---------- Provided records ----------
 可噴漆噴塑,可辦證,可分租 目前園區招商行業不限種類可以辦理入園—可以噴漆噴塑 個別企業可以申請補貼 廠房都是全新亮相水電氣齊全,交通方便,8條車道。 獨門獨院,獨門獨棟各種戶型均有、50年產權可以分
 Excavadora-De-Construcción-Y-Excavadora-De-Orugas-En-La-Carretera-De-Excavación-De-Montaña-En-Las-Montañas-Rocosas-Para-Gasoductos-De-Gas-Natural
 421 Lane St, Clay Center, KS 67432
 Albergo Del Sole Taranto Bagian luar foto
----------
---------- Provided records ----------
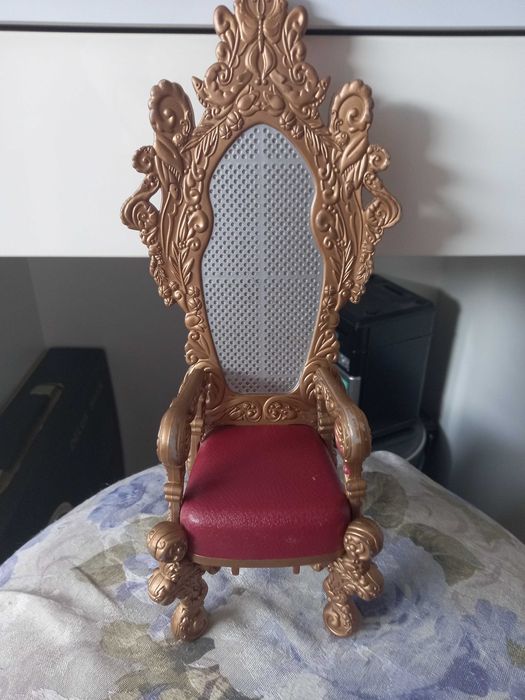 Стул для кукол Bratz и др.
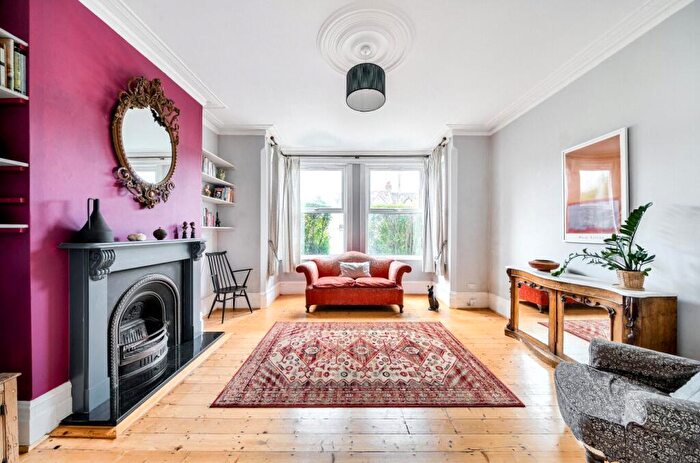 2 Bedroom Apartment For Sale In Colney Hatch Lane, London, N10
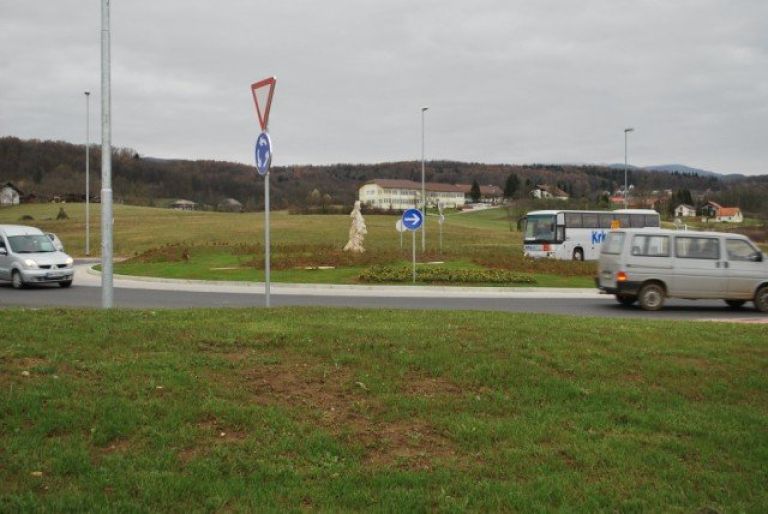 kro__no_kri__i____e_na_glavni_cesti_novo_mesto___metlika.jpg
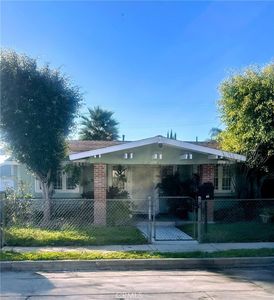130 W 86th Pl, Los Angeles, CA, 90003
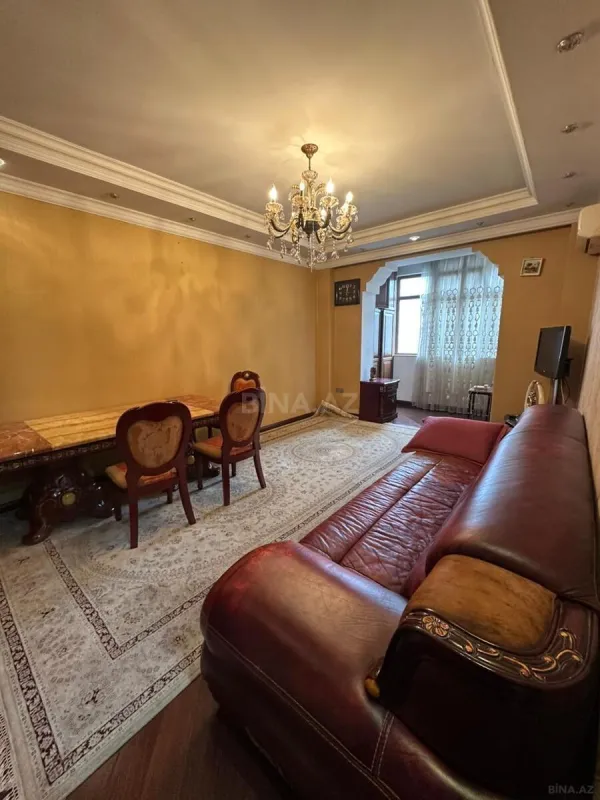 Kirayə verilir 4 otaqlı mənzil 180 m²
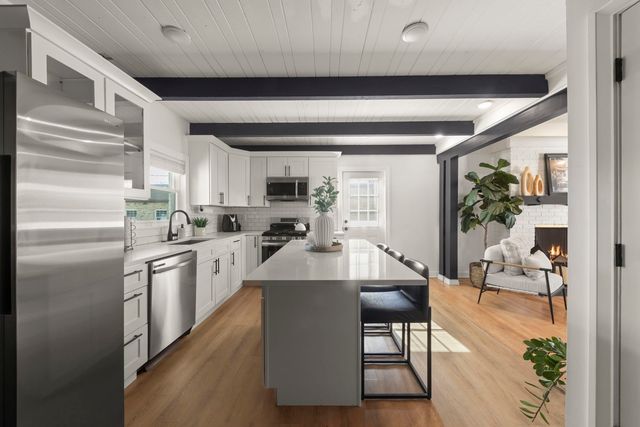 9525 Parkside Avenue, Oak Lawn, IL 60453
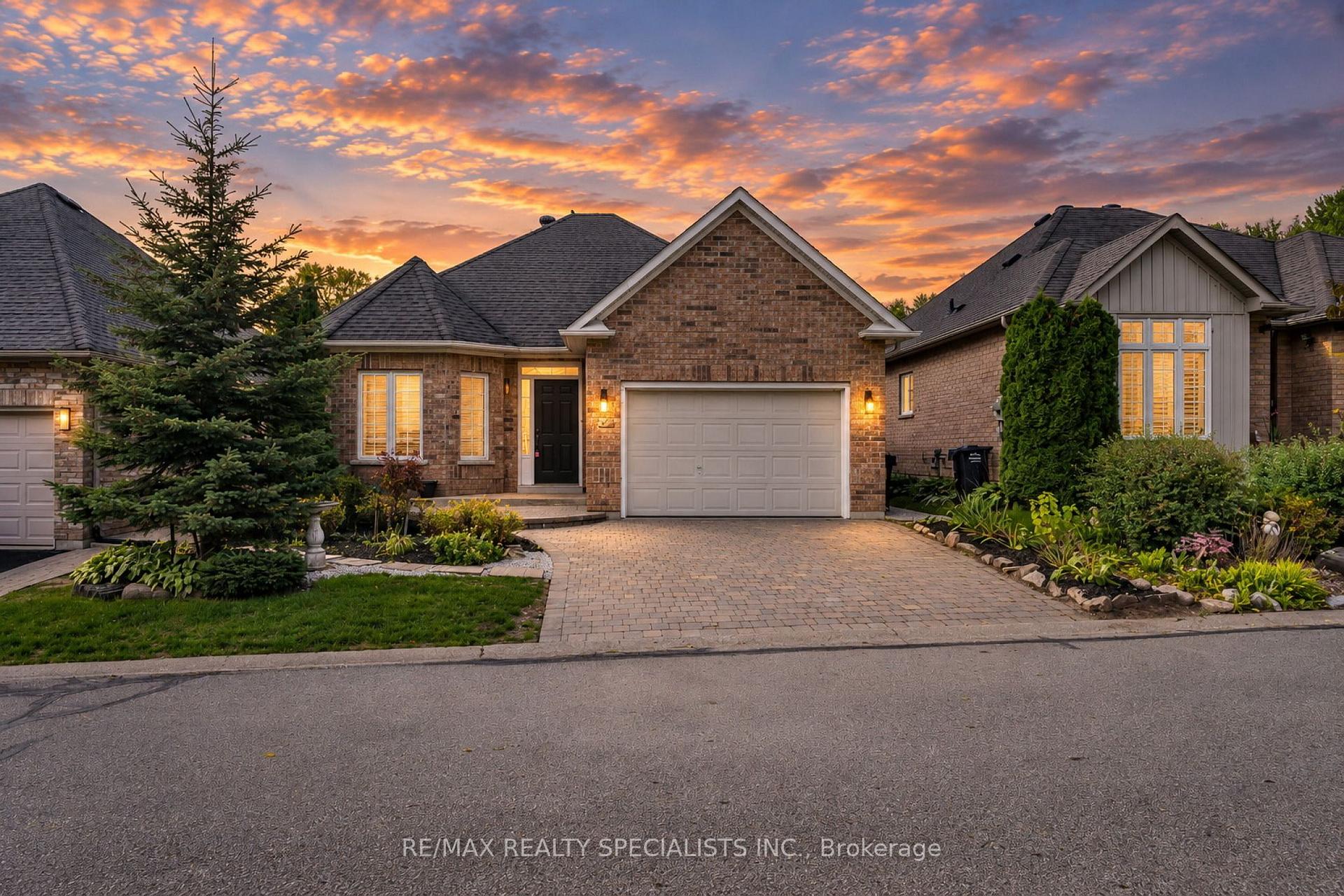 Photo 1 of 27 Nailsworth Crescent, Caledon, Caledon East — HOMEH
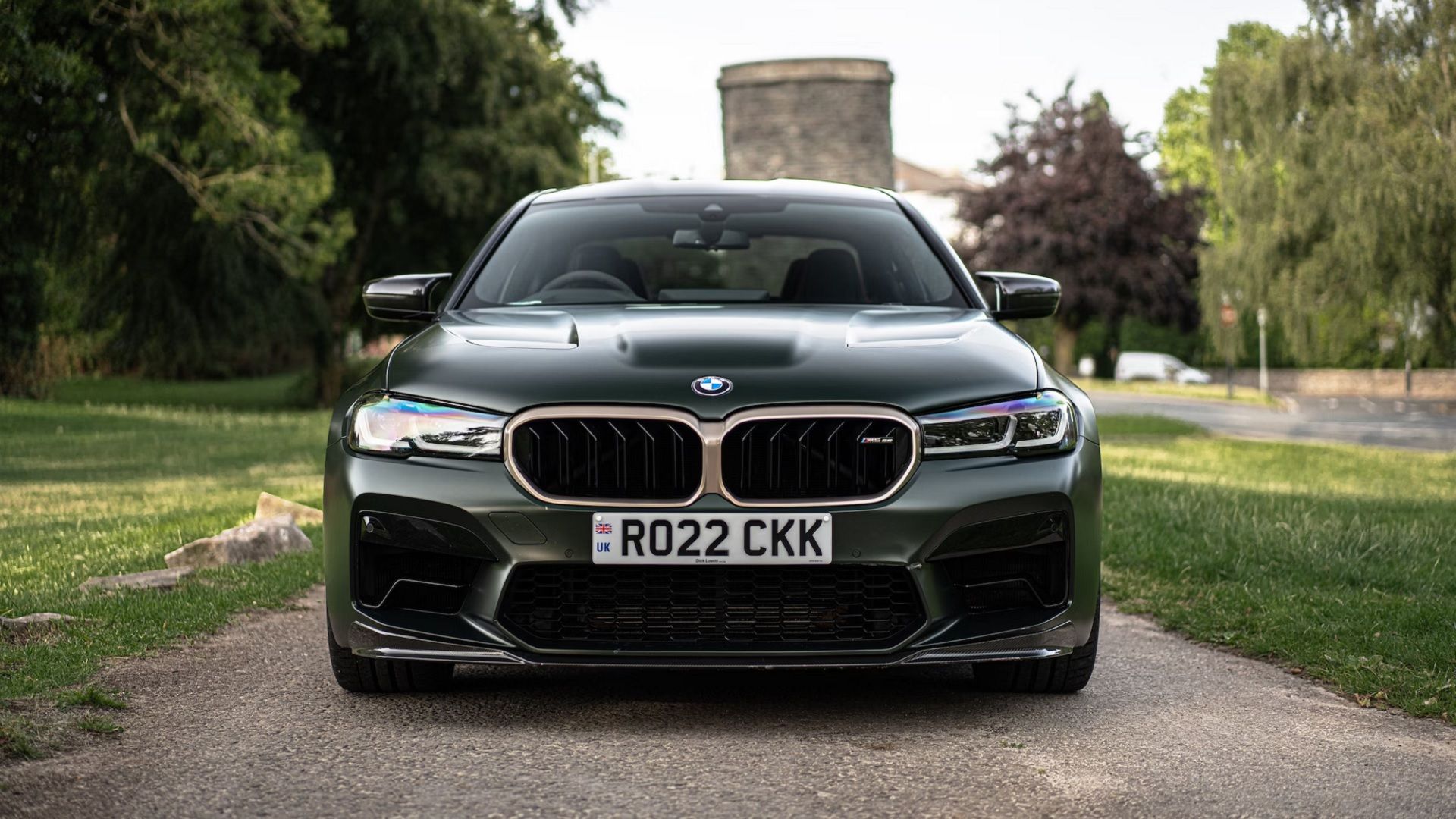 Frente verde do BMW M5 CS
----------
---------- Provided records ----------
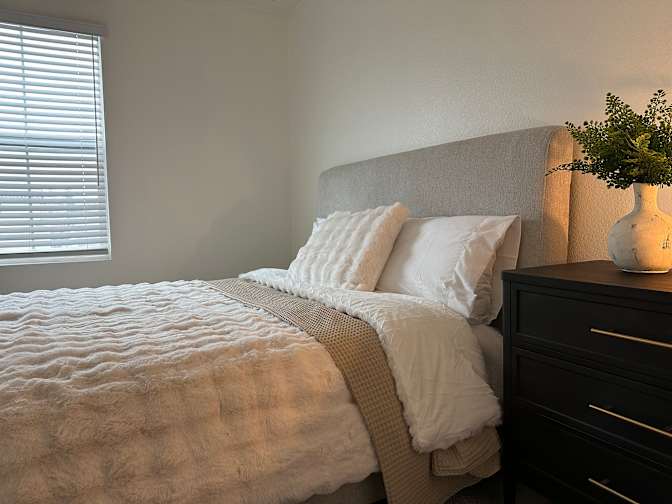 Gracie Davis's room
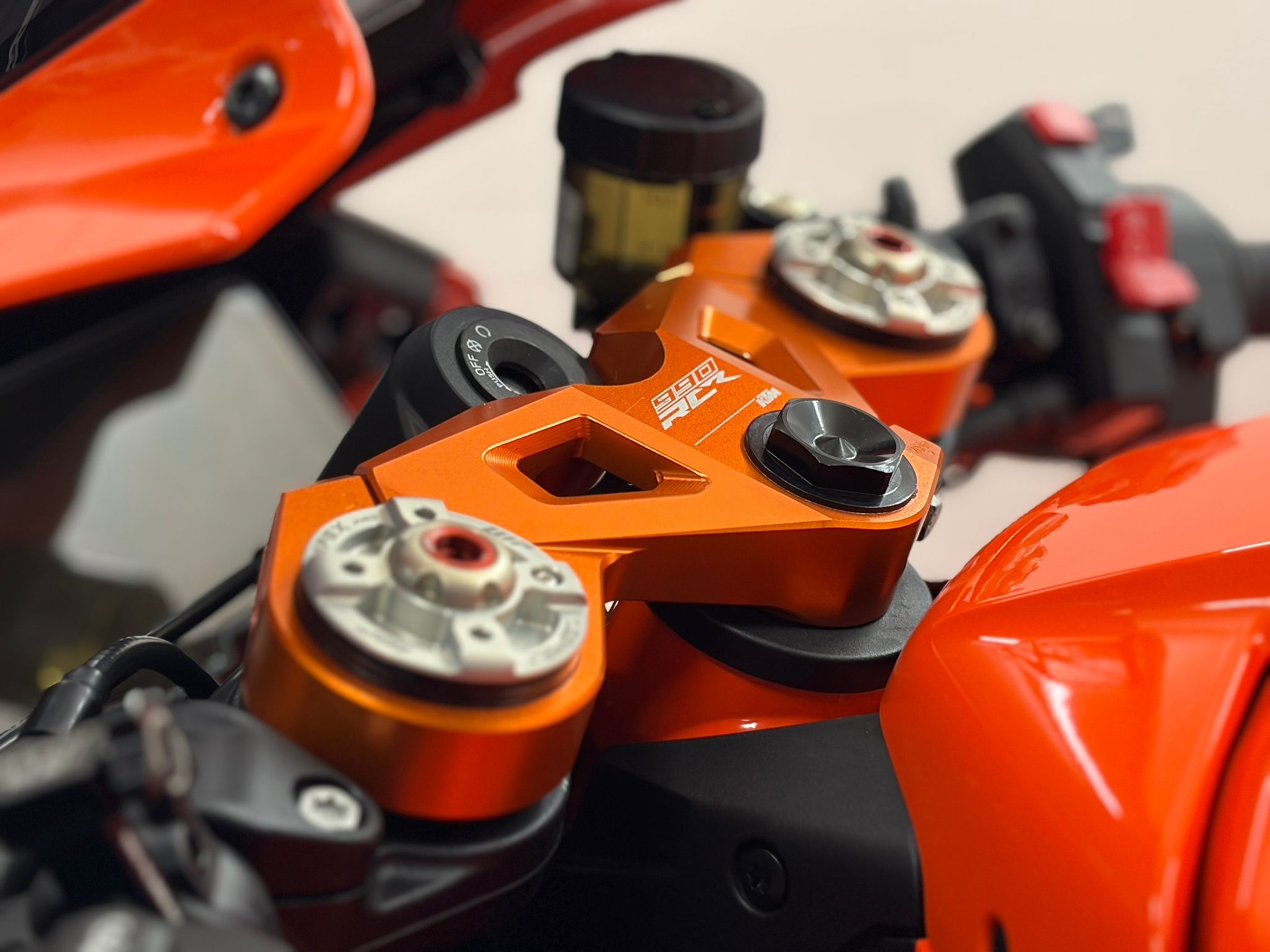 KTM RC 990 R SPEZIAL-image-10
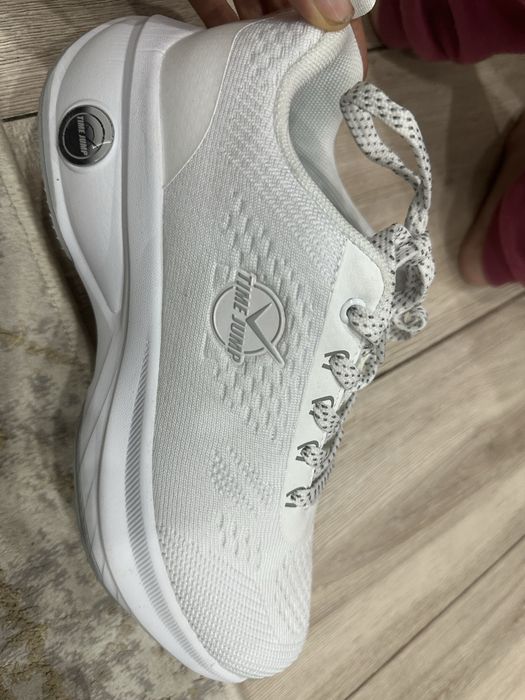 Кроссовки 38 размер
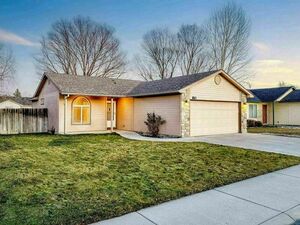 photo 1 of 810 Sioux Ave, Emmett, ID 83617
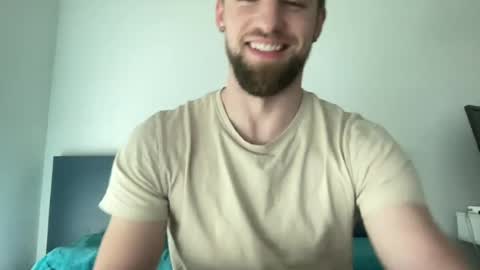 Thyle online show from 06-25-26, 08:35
----------
Your instructions: Above are some records; extract exactly the lines from the one containing "KTM RC 990 R SPEZIAL-image-10" through the one containing "Thyle online show from 06-25-26, 08:35" and drop the pictures.

Exercise answer:
 KTM RC 990 R SPEZIAL-image-10
 Кроссовки 38 размер
 photo 1 of 810 Sioux Ave, Emmett, ID 83617
 Thyle online show from 06-25-26, 08:35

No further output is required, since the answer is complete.